Crawled caption data
#####

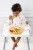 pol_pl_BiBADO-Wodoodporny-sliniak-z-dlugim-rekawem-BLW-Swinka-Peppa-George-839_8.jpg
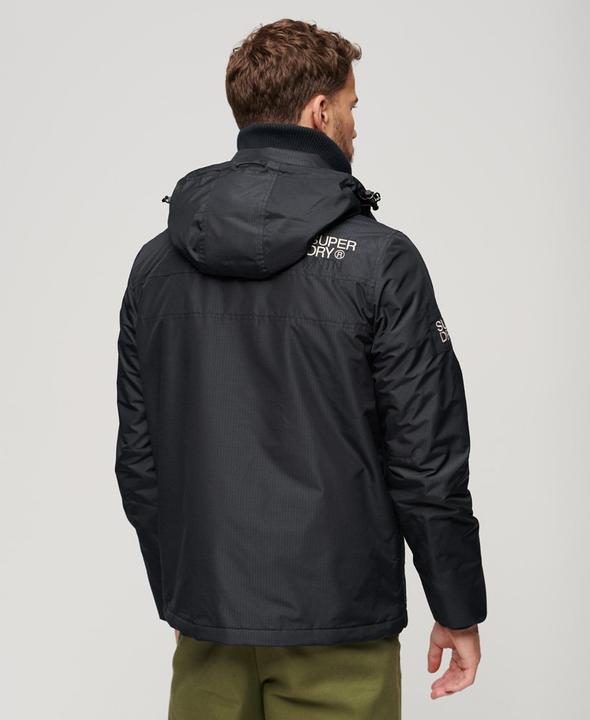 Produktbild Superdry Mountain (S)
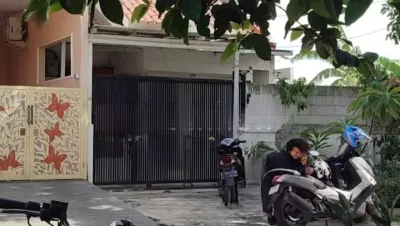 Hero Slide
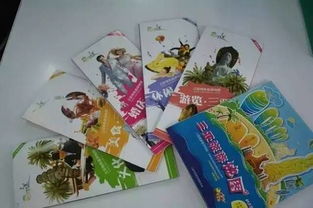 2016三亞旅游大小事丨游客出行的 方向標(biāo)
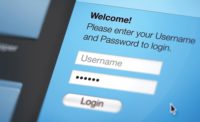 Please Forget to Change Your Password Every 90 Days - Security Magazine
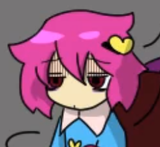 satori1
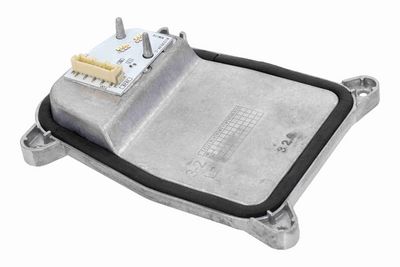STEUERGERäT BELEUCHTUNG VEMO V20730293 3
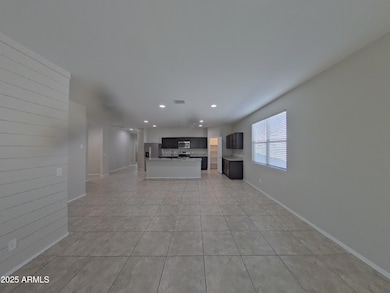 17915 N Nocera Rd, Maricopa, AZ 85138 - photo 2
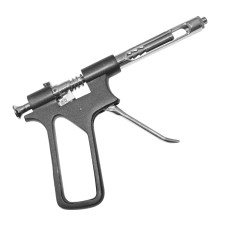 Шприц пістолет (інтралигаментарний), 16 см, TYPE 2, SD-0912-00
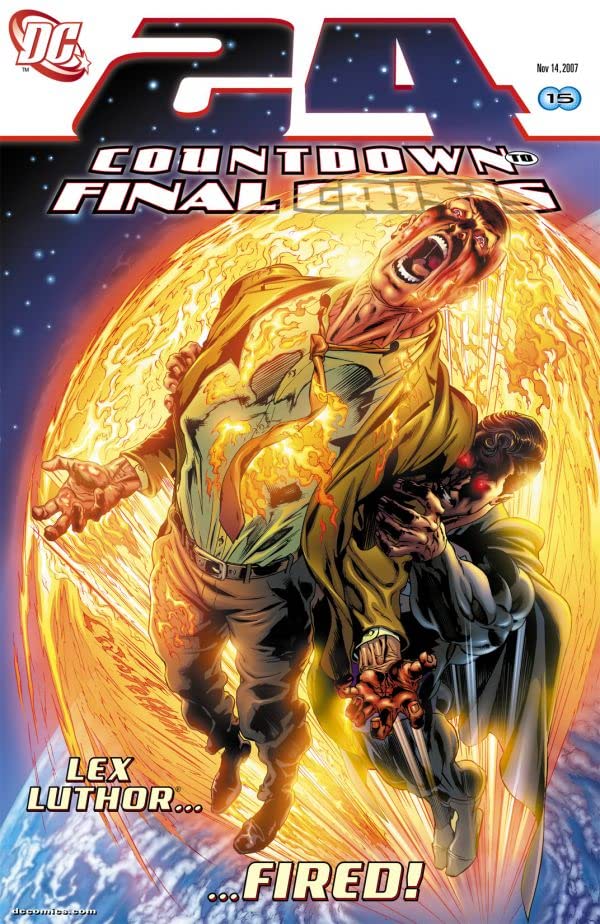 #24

#####

Print, without pictures, exactly the lines from the one containing "17915 N Nocera" through the final line of the records above.

 17915 N Nocera Rd, Maricopa, AZ 85138 - photo 2
 Шприц пістолет (інтралигаментарний), 16 см, TYPE 2, SD-0912-00
 #24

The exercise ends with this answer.